*Task item*. Below are records; from the line containing "Kepurė Odlo POLYKNIT WARM Skipper Blue" through the very last line, output each line exactly. No pictures.
· · ·
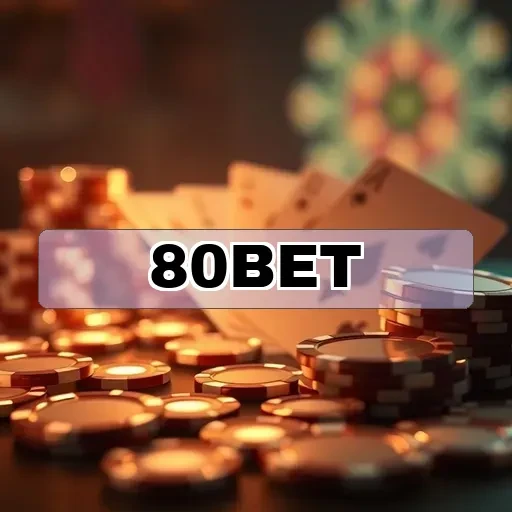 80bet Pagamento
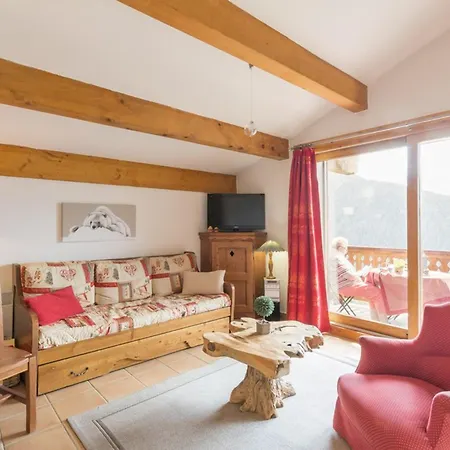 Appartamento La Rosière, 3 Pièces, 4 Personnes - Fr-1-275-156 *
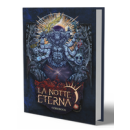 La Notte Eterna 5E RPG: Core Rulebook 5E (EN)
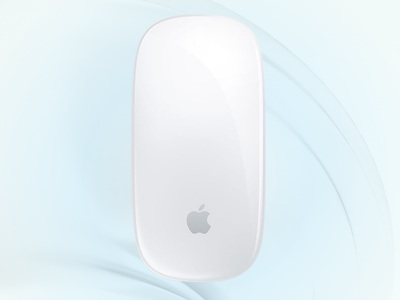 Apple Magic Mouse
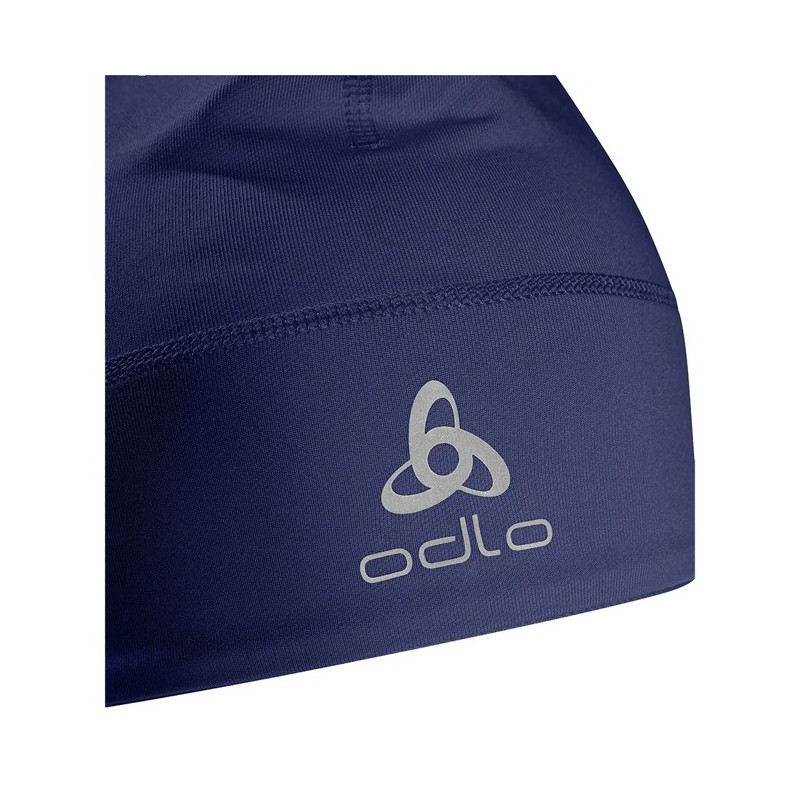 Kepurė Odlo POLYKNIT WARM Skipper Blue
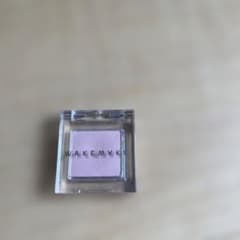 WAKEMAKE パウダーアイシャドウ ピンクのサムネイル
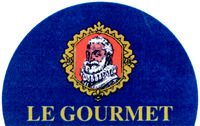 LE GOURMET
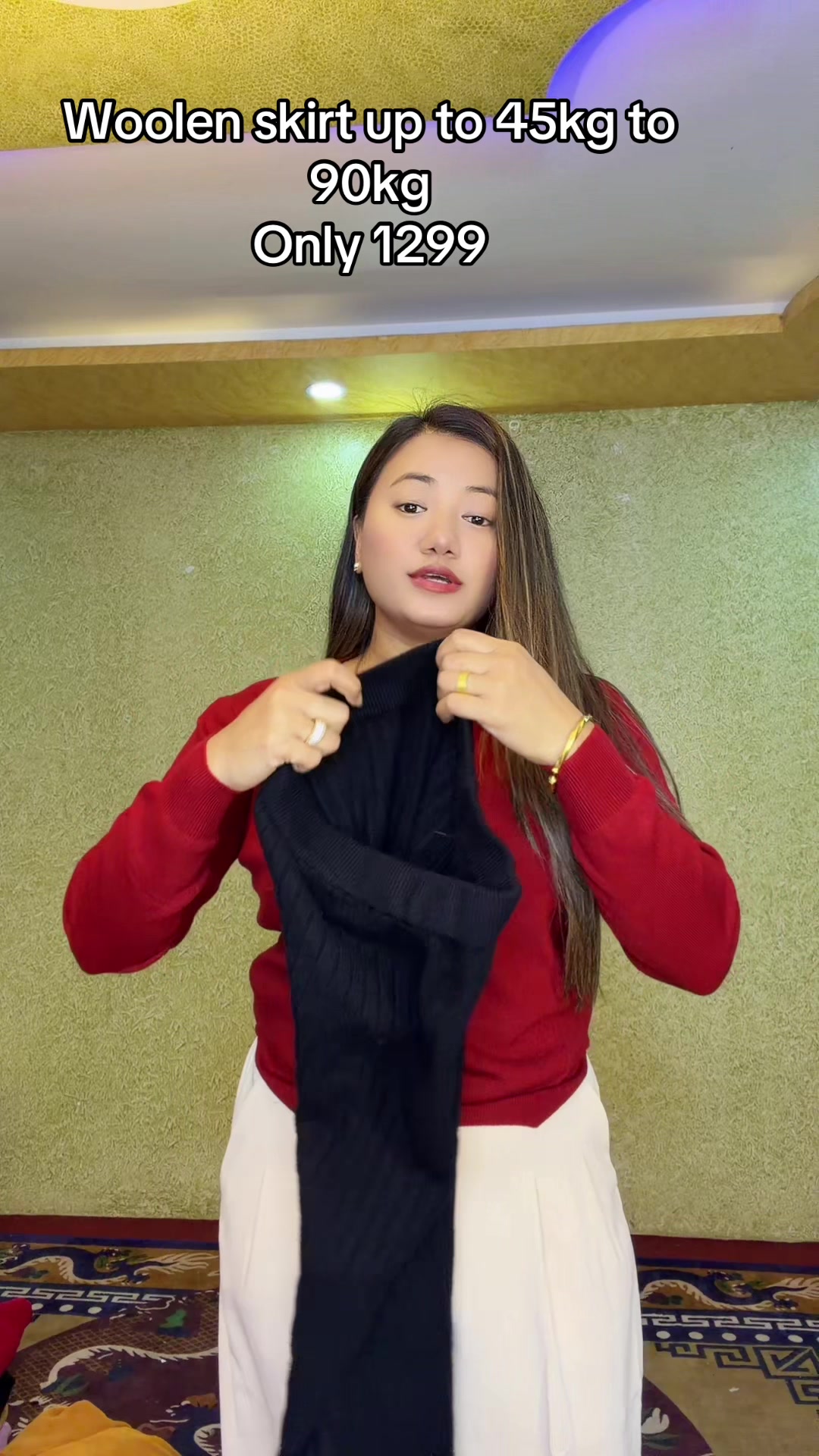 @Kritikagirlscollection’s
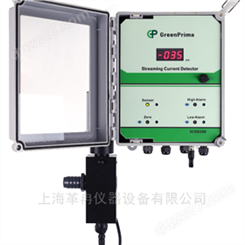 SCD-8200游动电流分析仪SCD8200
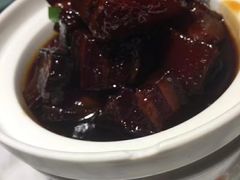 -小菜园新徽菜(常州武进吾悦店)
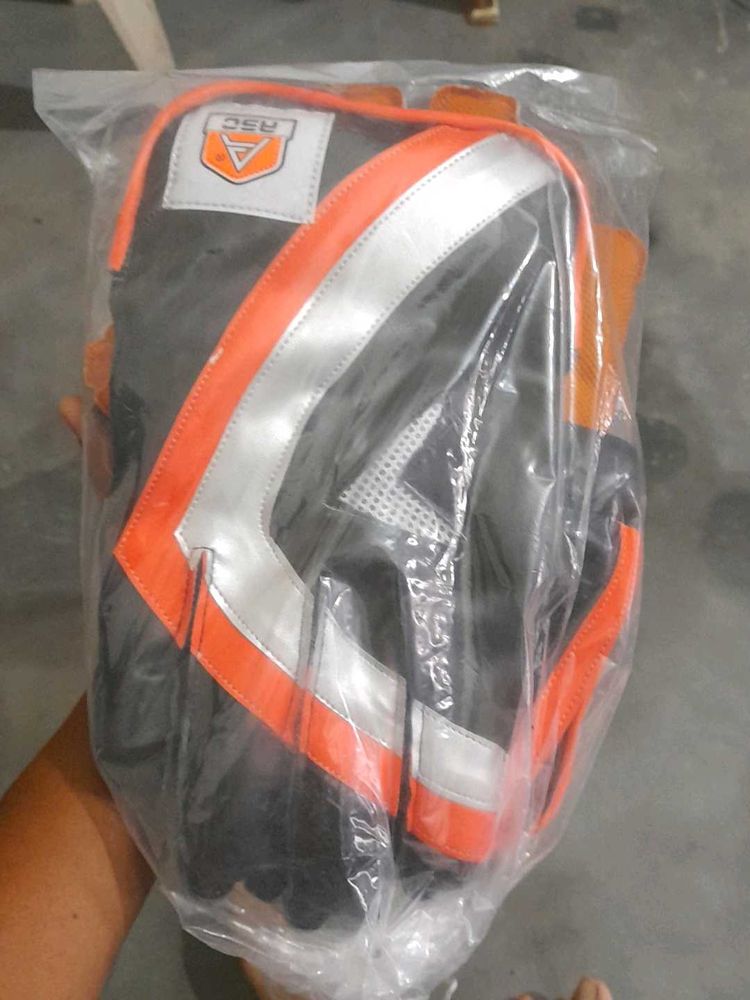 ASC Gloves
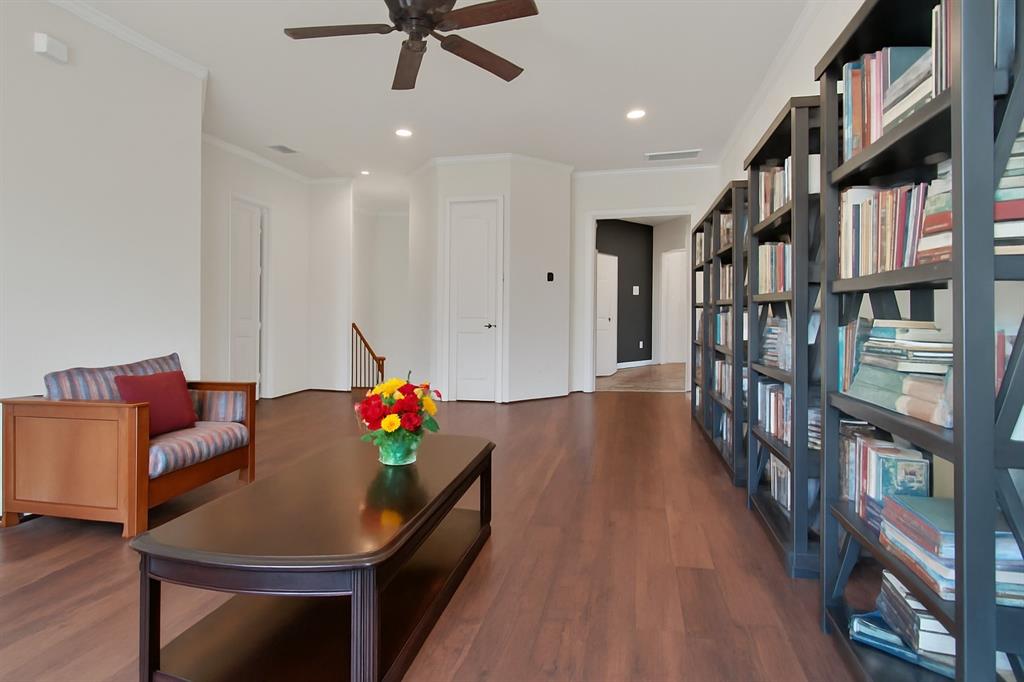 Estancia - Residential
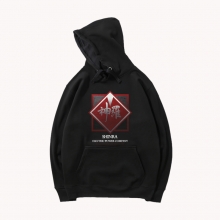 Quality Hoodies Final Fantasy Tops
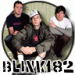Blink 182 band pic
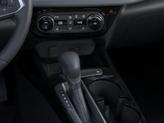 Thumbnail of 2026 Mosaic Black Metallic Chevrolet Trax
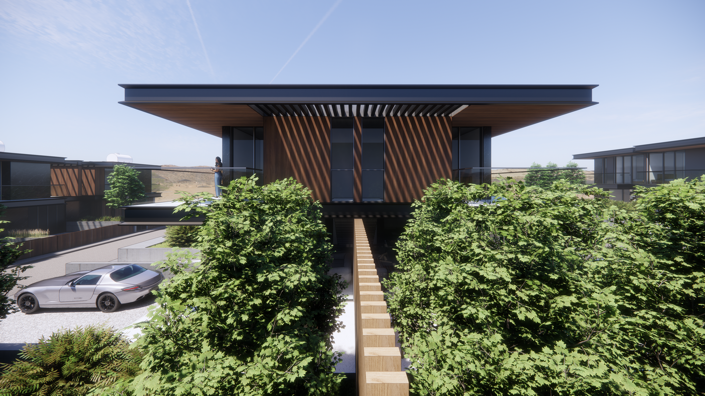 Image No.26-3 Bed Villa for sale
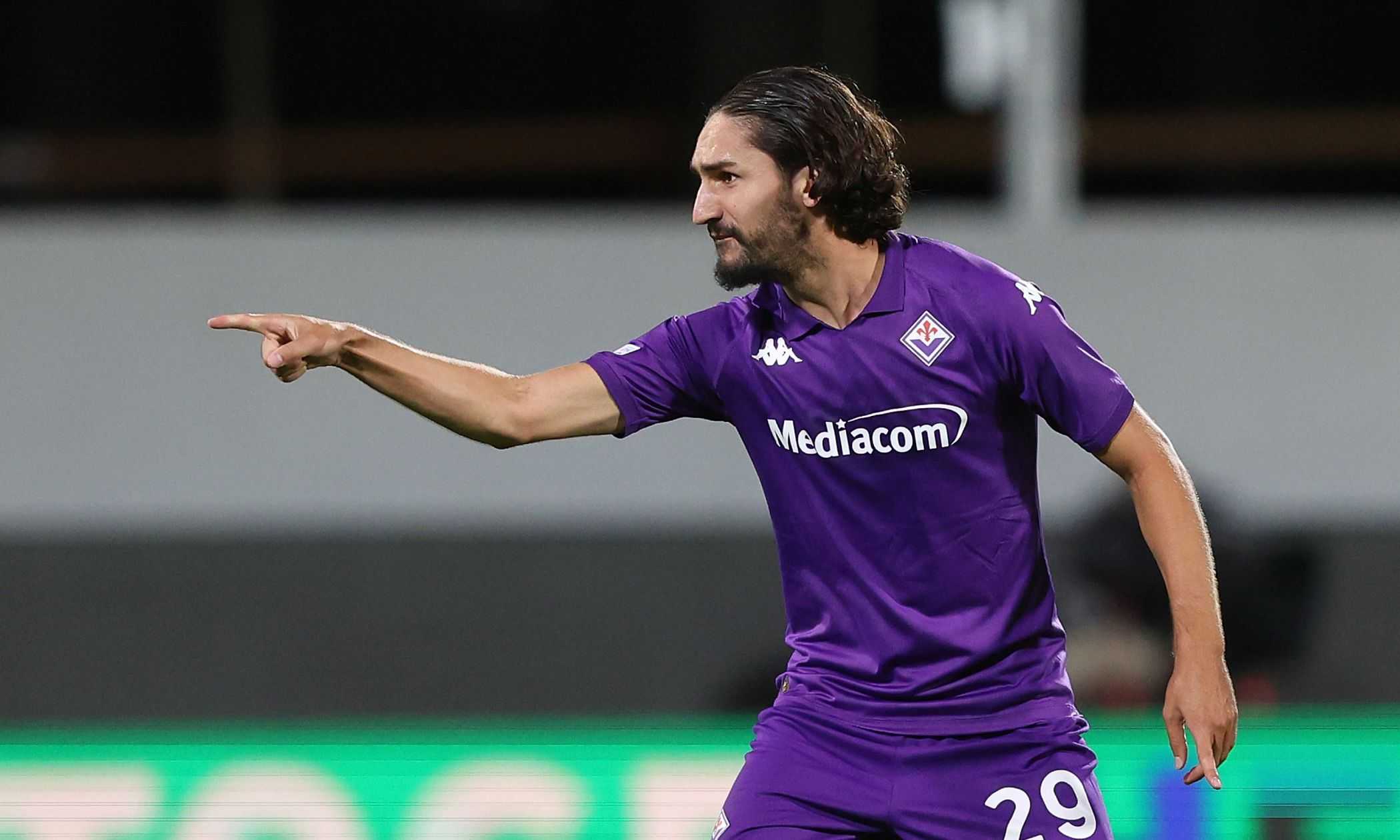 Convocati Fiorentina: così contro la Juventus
· · ·
*Task result*.
 Kepurė Odlo POLYKNIT WARM Skipper Blue
 WAKEMAKE パウダーアイシャドウ ピンクのサムネイル
 LE GOURMET
 @Kritikagirlscollection’s
 SCD-8200游动电流分析仪SCD8200
 -小菜园新徽菜(常州武进吾悦店)
 ASC Gloves
 Estancia - Residential
 Quality Hoodies Final Fantasy Tops
Blink 182 band pic
 Thumbnail of 2026 Mosaic Black Metallic Chevrolet Trax
 Image No.26-3 Bed Villa for sale
 Convocati Fiorentina: così contro la Juventus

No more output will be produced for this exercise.